Ces problèmes de cœur sont-ils récents ou ils  datent de longtemps ?

Ce n’est pas un vieux gaga comme moi qui serait encore atteint par la flèche de cupidon. Moi, j’ai dépassé cet âge-là. Je vous ai dit que ce sont des poèmes que j’ai ressuscités. Ils étaient dans les tiroirs depuis que j’étais jeune étudiant. J’étais encore dans la fleur de l’âge quand j’ai eu ces problèmes-là et je les avais écrits.

L’opportunité s’est présentée maintenant pour que je les mette à la disposition du public. Voyez-vous, donc j’étais un taquin de la muse depuis que j’étais étudiant, c’est tout.

Et s’il vous était donné de jeter un regard sur l’univers littéraire béninois. Qu’est-ce que vous pourriez en dire ?

La littérature béninoise se porte très bien. Mais, elle n’est pas encouragée parce qu’il y a des plumes montantes comme les Daté par exemple. Il y a des plumes constantes comme les Couao Zotti. Et il y a des plumes matures comme Kakpo Mahougnon, Guy Ossito Midiohouan et autres. C’est tout cela qui alimente la littérature béninoise.

Pourquoi pas Agbazahou aussi ?

Non, moi, je ne me réclame pas écrivain. Je n’en suis pas un. Je ne suis pas un professionnel de la plume. Je vis d’autres choses. C’est à temps perdus que je m’amuse. J’ai une plume d’amateur. J’attends que les gens me consacrent. Je ne sais pas si je peux dire que je suis écrivain. Je m’exerce à la chose.

Donc, quand on voit cela et on voit que les figures de proue de l’ancienne génération sont en train de s’éteindre et que la littérature n’est pas morte avec leur cassure de la plume, on peut dire que la relève est assurée et que la littérature béninoise se porte très bien. Et il ne manque que sa promotion très malheureusement.

De votre retraite, qu’est-ce que vous en faites ?

De toutes les manières, contrairement aux autres corps de métiers, un inspecteur, chez nous, continue de fonctionner.   Donc, administrativement, je suis parti. Mais au plan de l’aide à la jeunesse montante, je continue d’être très présent sur le terrain. Et je continue de former et d’inspecter.

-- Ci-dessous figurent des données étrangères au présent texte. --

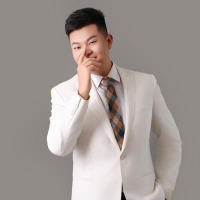 主持人 麦田V小刚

Ce qui est certain est que j’ai toujours eu des occasions où je parle de la littérature aux gens, je sensibilise beaucoup les jeunes enseignants. Et il faut avouer que ce sont les conditions qui leur sont faites qui ne leur permettent pas d’investir beaucoup dans le livre. Mais, au moins, je leur donne le goût de la lecture et rien qu’à me voir, je représente à leurs yeux quelque chose et ça les encourage aussi à aller vers la littérature.